* **Data extract**
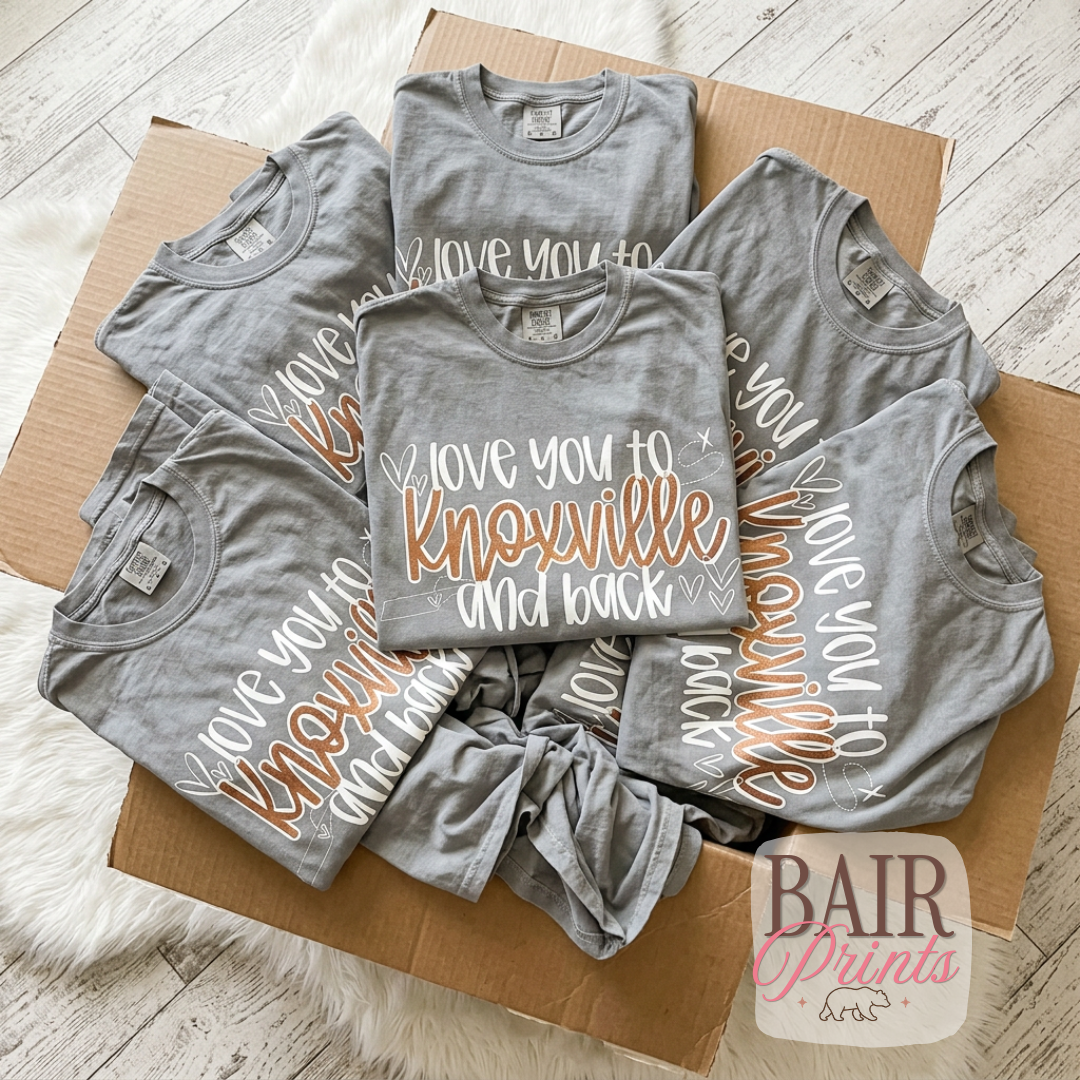 Love You To Knoxville and Back T-Shirt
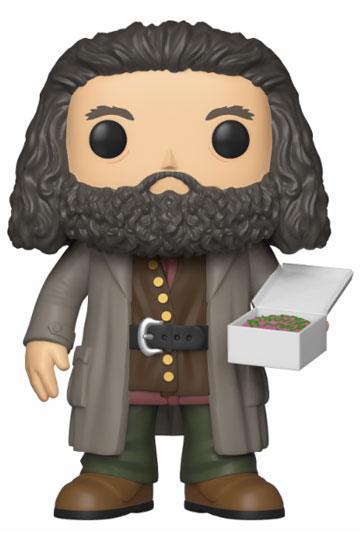 Rubeus Hagrid avec Gâteau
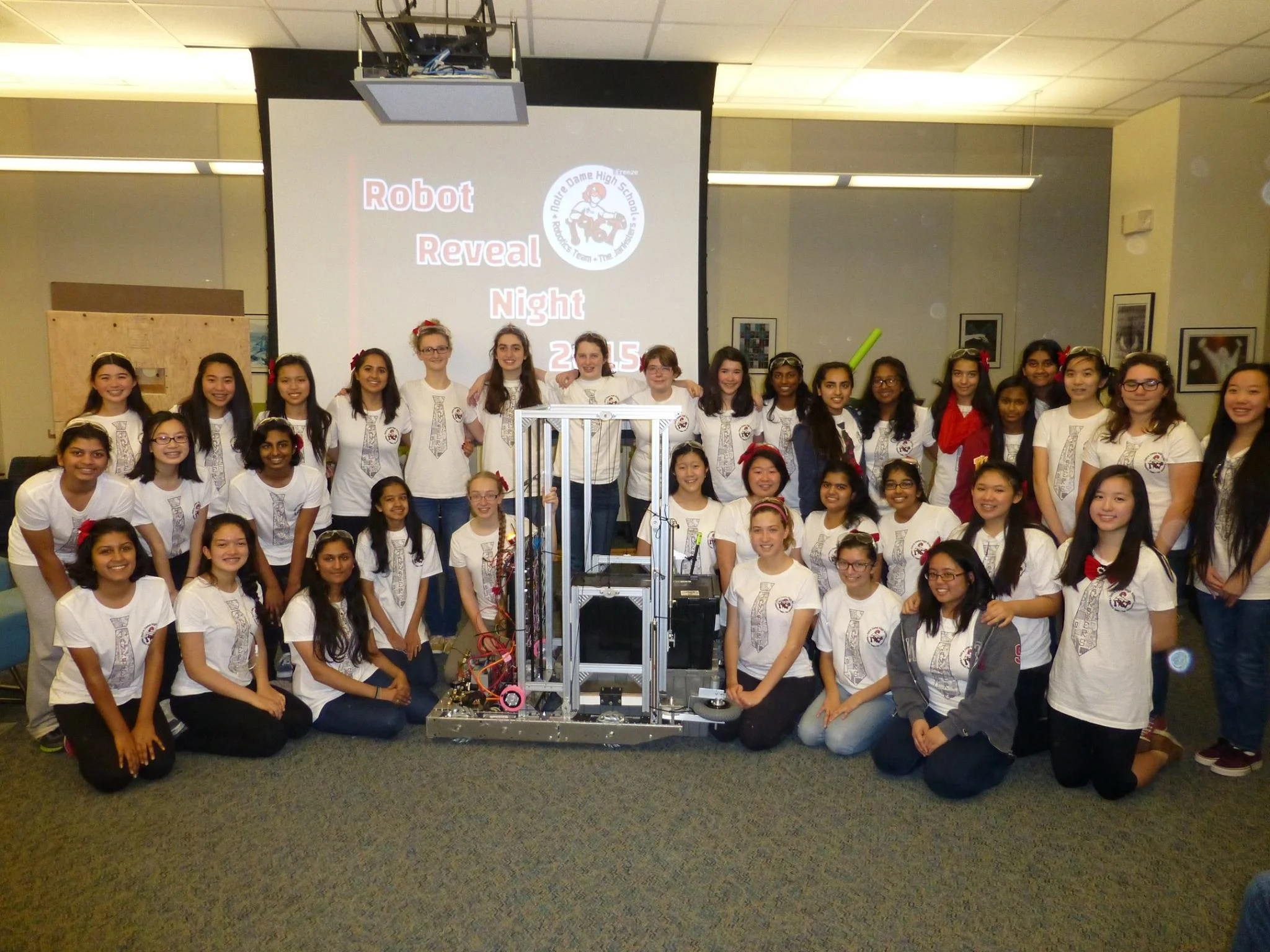 2015 Robot Reveal Night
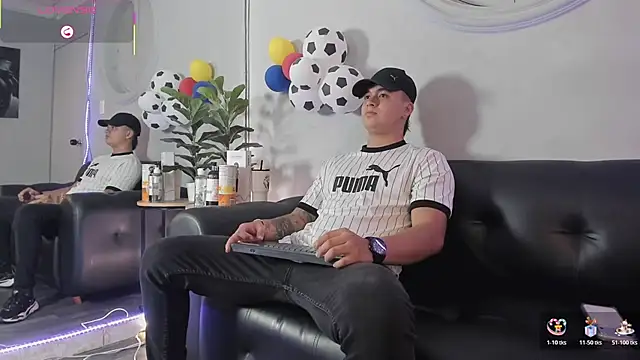 Cristopher strong online show from June 26, 2026, 1:06 pm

* **What the task asks**
Leaving the pictures aside, transcribe the entire listing exactly.

* **Response**
 Love You To Knoxville and Back T-Shirt
 Rubeus Hagrid avec Gâteau
 2015 Robot Reveal Night
 Cristopher strong online show from June 26, 2026, 1:06 pm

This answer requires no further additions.